Frost & freeze dates
From NOAA's 1991–2020 Climate Normals at station USC00413675. The median (p50) is the average date; the 90%-safe column is the date the freeze has passed in about 9 years out of 10 (p10 for spring, p90 for fall) — the conservative date to plant after or harvest before.
| Threshold | Last spring — avg | Last spring — 90%-safe | First fall — avg | First fall — 90%-safe | Season (days) |
|---|---|---|---|---|---|
| 36°F | Apr 5 | Apr 25 | Nov 1 | Nov 16 | 208 |
| 32°F (freeze) | Mar 24 | Apr 17 | Nov 9 | Nov 29 | 228 |
| 28°F | Mar 10 | Apr 2 | Nov 20 | Dec 8 | 253 |
| 24°F | Feb 27 | Mar 17 | Dec 3 | Dec 27 | 278 |
32°F is the standard "freeze" line that damages tender crops; lighter 36°F frost can nip the most cold-sensitive plants, while hardy crops shrug off light frost down toward 28°F. Use the threshold that matches what you are protecting.
Growing degree days
Growing degree days (GDD) accumulate warmth above a base temperature over the year — a better predictor of crop development than the calendar alone. Warm-season crops need a long, warm GDD total; a short, cool GDD total favors greens and brassicas.
| Model | °F·days | Used for |
|---|---|---|
| Base 50°F (warm-season) | 6,166 | standard warm-season base (tomato, corn, beans) |
| Base 40°F (cool-season) | 9,273 | cool-season crops (brassicas, greens) |
Hardiness zone 8b
Granbury sits in USDA plant hardiness zone 8b on the 2023 map — meaning its average annual extreme minimum winter temperature is about 15 to 20 °F. That number tells you which perennials, shrubs, and trees reliably survive an average winter here; it does not set your planting dates, which come from the frost calendar above.
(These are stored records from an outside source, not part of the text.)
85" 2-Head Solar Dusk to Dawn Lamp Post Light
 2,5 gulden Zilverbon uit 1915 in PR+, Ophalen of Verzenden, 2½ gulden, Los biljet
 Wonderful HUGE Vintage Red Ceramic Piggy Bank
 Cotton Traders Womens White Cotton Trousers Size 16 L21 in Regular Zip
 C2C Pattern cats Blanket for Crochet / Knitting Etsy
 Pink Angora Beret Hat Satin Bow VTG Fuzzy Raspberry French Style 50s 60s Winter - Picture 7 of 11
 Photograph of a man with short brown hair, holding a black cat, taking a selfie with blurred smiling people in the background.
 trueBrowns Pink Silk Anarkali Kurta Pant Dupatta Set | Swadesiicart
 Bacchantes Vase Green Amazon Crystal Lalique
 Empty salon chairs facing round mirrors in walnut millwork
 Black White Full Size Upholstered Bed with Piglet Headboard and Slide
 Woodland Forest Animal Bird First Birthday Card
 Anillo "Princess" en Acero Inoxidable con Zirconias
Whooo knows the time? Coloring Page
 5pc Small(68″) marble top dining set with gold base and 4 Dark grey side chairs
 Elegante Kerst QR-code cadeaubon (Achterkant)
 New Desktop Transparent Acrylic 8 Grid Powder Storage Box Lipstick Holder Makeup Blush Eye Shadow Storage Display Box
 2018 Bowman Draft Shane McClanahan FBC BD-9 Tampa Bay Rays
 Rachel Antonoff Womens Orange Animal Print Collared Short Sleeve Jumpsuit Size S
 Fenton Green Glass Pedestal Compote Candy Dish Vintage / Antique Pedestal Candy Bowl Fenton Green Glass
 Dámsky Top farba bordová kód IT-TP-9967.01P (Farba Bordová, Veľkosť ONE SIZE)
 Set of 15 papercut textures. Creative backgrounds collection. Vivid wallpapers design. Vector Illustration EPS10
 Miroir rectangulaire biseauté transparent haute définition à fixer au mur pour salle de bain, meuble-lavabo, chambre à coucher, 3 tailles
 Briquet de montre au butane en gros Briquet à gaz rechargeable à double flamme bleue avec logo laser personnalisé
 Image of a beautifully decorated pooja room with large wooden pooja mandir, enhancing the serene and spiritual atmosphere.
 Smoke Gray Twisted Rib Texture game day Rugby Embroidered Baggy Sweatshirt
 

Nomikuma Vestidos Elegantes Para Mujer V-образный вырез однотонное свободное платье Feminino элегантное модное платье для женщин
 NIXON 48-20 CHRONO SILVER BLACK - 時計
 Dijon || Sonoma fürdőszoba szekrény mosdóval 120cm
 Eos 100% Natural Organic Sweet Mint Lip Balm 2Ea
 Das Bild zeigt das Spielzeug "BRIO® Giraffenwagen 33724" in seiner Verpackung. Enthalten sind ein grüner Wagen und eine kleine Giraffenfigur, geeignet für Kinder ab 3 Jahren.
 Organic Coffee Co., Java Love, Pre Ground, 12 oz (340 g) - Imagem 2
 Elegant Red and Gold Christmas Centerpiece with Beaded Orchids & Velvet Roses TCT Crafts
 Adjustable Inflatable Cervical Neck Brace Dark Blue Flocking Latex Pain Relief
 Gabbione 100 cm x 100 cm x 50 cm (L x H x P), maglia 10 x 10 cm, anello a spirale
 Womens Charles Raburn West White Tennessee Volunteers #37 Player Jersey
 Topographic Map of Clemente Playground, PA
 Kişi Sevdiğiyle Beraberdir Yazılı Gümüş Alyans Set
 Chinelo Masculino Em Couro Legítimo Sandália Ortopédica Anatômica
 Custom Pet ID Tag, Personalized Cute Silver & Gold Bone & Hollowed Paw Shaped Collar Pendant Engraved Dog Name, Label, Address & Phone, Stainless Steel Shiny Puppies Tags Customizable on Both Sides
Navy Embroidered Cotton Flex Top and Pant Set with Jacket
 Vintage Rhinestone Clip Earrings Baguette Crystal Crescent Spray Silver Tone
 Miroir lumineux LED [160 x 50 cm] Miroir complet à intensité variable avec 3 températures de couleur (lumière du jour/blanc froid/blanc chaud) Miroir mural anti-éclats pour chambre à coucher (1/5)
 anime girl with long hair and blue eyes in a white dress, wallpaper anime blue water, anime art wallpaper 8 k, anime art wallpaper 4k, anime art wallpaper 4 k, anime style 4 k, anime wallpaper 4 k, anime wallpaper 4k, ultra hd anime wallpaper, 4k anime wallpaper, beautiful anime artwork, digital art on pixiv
Explore more places in zone 8b, or see all USDA hardiness zones.
Frequently asked questions
- What USDA hardiness zone is Granbury?
- Granbury, Texas is in USDA plant hardiness zone 8b on the 2023 map (average annual extreme minimum temperature 15 to 20 °F) — from the USDA Plant Hardiness Zone Map 2023, matched to this location's ZIP. See the methodology page for sources.
- When is the last frost in Granbury?
- The average (median) last spring frost at 32°F is around March 24, from NOAA's 1991–2020 climate normals at the nearest reporting station. Roughly one year in ten the last frost is as late as April 17, so wait until then before setting out frost-tender plants if you want to be safe.
- When is the first fall frost in Granbury?
- The average first fall frost at 32°F is around November 9. That leaves a growing season of about 228 days between the average last spring and first fall frosts.
- When should I start tomatoes in Granbury?
- Start tomato seeds indoors about Jan 27 – Feb 10 and transplant them outside about Mar 31 – Apr 7, once the danger of frost has passed. Estimated first harvest is around May 30 – Jun 19.
- How long is the growing season in Granbury?
- About 228 days at the 32°F threshold (NOAA 1991–2020, median) — the span between the average last spring frost (~March 24) and the average first fall frost (~November 9). Cold-hardy crops extend usable time at both ends; frost-tender crops fit inside it.
Sources & method
Frost, freeze, growing-season, and growing-degree-day figures are NOAA NCEI U.S. Climate Normals 1991–2020 for station USC00413675 (Granbury 5n, 11.6 km away). The hardiness zone is the USDA Plant Hardiness Zone Map 2023, matched to this location's ZIP. Planting windows are computed by counting from the average last and first frost using per-crop offsets synthesized from U.S. Cooperative Extension guides — the full method and citations are on the methodology page.